Friday, June 5, 2009

Look Up Graduation Rates, Funding for Your Favorite College Athletic Program

Our cousin to the south, Ohio, is blundering along this economic downturn in almost as dire a fashion as Michigan. Ohio Gov. Ted Strickland is about as inspiring as our Gov. Granholm, speaking of “new economy platforms” and other notions bureaucrats mutter about when they can’t figure out what to do. What a mess he's made of that state. And we say him because he is captain of the ship. This is the price of assuming leadership.
Still, Ohio has plenty to recommend, and we like the place. Some of it's newspapers are among the best in the U.S.
Lacking a formidable think tank with investigative abilities in the state, Ohio newspapers have done an excellent job of forcing transparency in government, most recently with the Columbus Dispatch taking on college athletics by sending open records requests to 119 schools. The requests asked for “airplane flight manifests for football-team travel to road games; lists of people designated to receive athletes' complimentary admission to football games; football players' summer-employment documents; and reports of NCAA violations.”

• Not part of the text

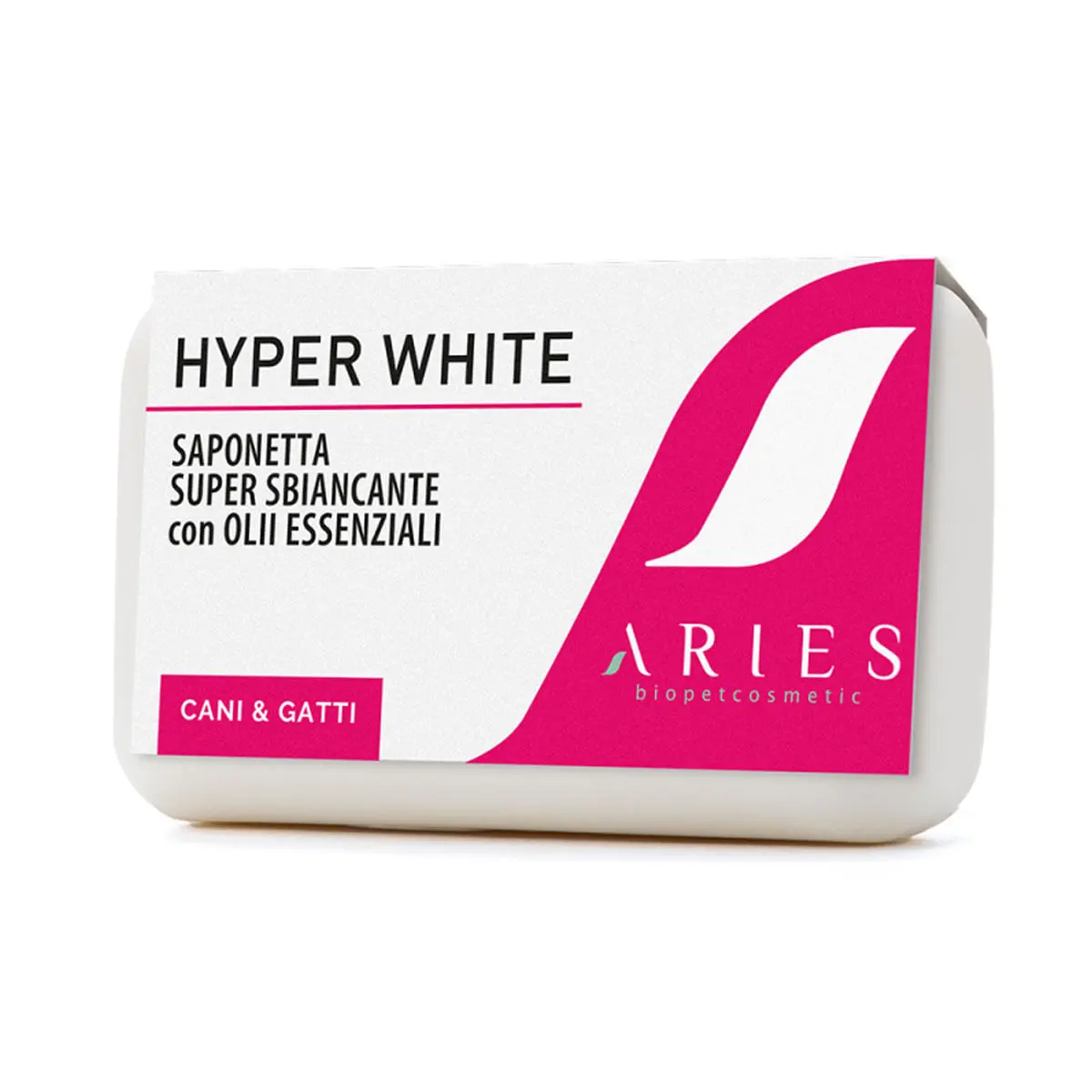 ARIES Sapun Hyper White, Super Albire, 75 g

One school completely ignored the request. Who do you think that was? Michigan State University, creating the potential for another open records-related court case and costly litigation that taxpayers will have to cover.

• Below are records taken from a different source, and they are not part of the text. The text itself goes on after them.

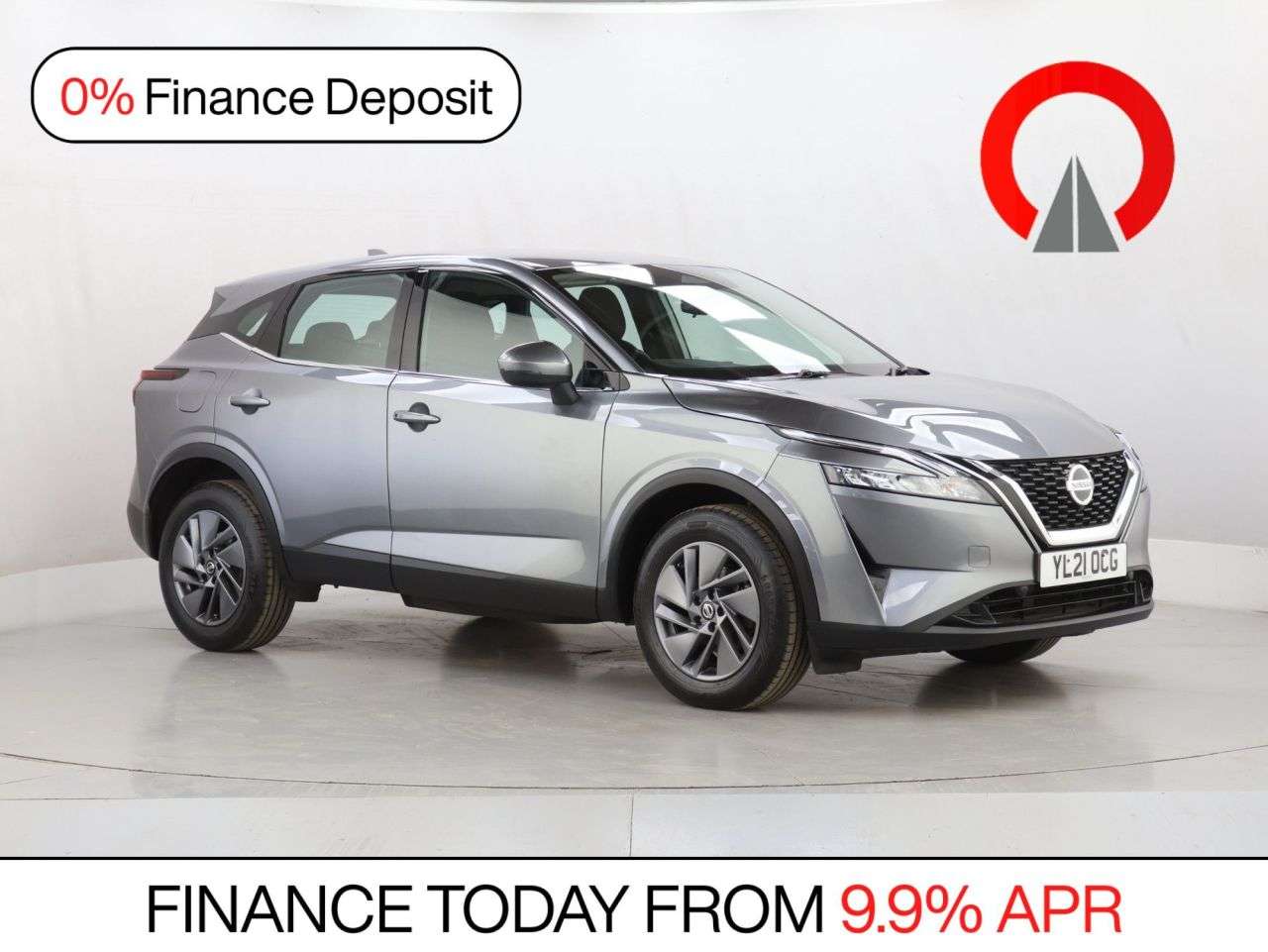 A 2021 NISSAN QASHQAI 1.3 DIG-T MHEV Acenta Premium SUV 5dr Petrol Hybrid Manual Euro 6 (s/s) (14 A 2021 NISSAN QASHQAI 1.3 DIG-T MHEV Acenta Premium SUV 5dr Petrol Hybrid Manual Euro 6 (s/s) (14
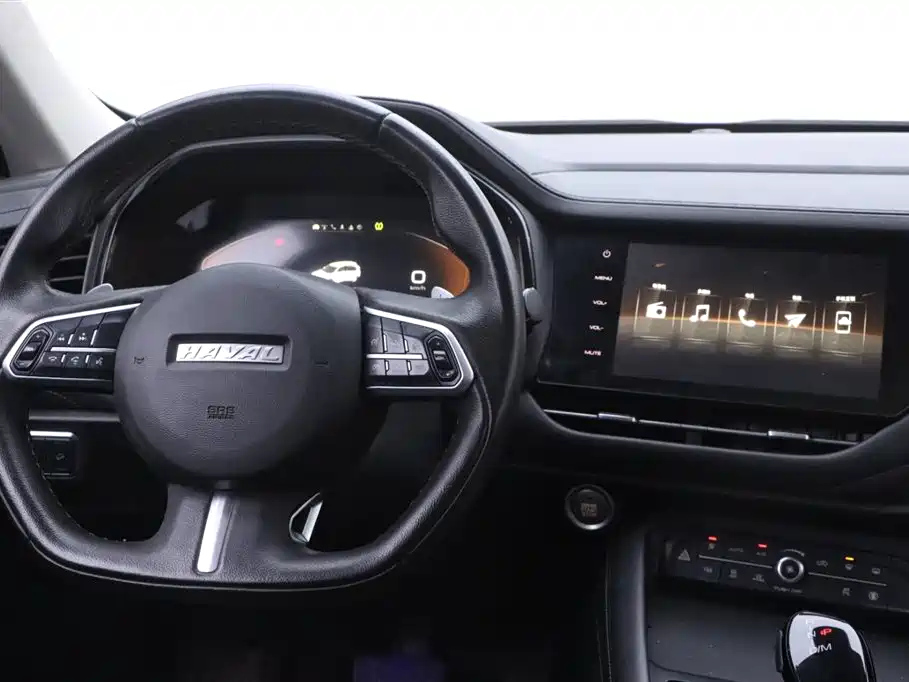 HAVAL F7 2020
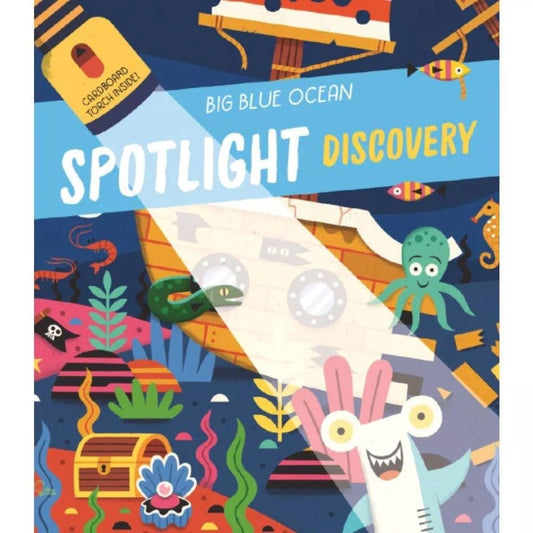 Spotlight Discovery : Big Blue Ocean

Also noted is the openness of Eastern Michigan University, which responded promptly and provided records with no names redacted.

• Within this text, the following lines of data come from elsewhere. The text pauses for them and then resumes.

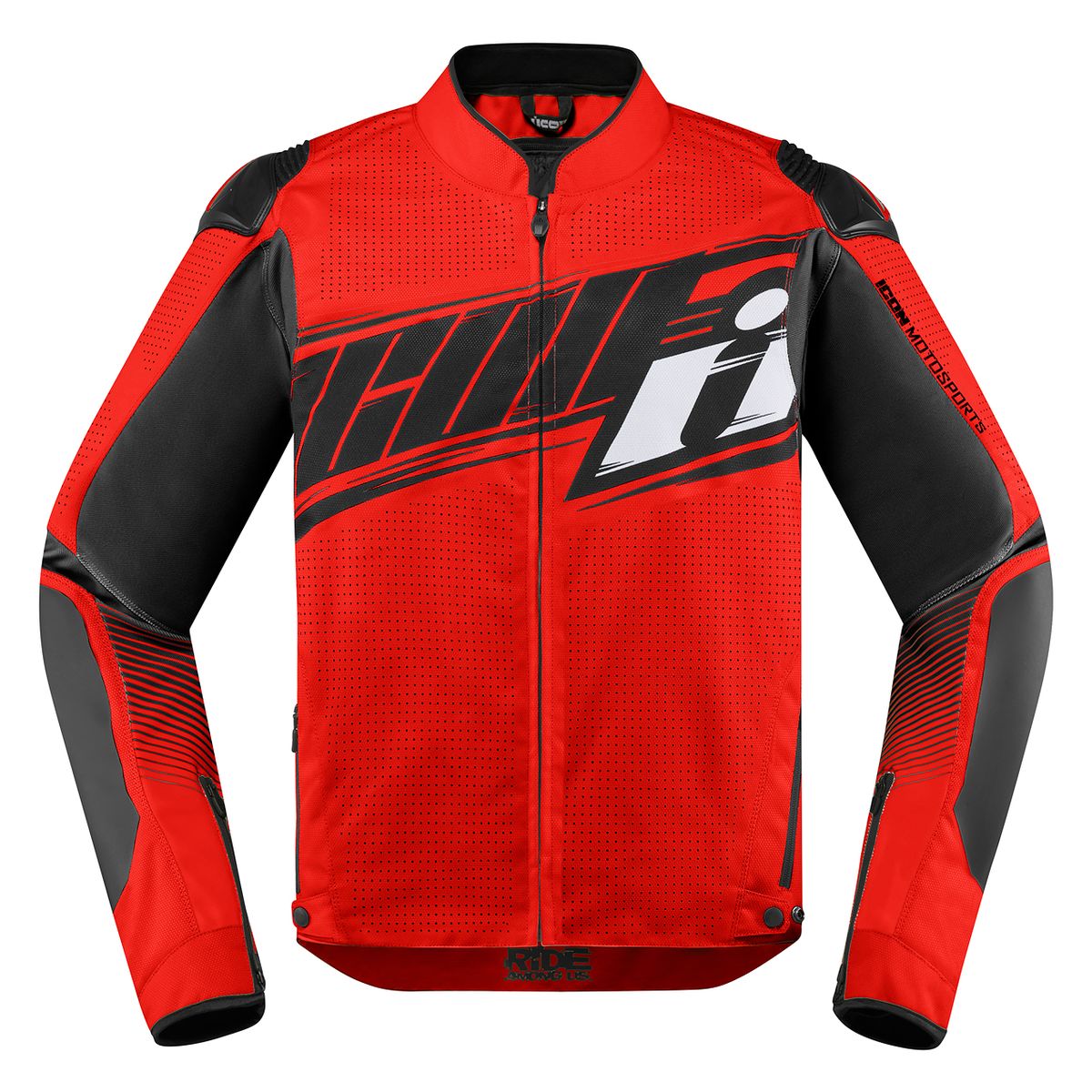 Icon Overlord SB2 Prime Jacket – SBK Motoparts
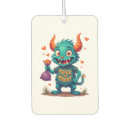 Search for monster car air fresheners Scary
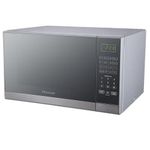 product_image_name-Hisense-Microwave Oven, 25 Litres - Silver, Black-5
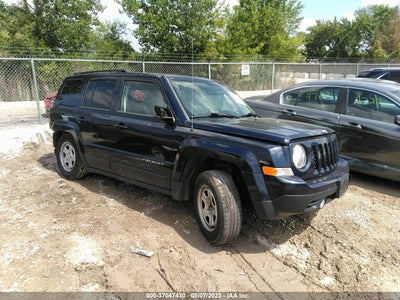 Jeep Patriot 2014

At any rate, the Dispatch has provided a terrific tool for check college athletic programs in terms of graduation rates, academic performance scores, athletic spending, NCAA violations, and how they scored in terms of openness when asked for public records.
MSU graduates 60 percent of its basketball players and 39 percent of its football players, compared to 74 percent of its overall student body. Michigan fails its basketball players prolifically, graduating 31 percent – the lowest in the Big Ten - as opposed to 88 percent of the general student population. There is plenty more information available in the database – have fun looking up your favorite school.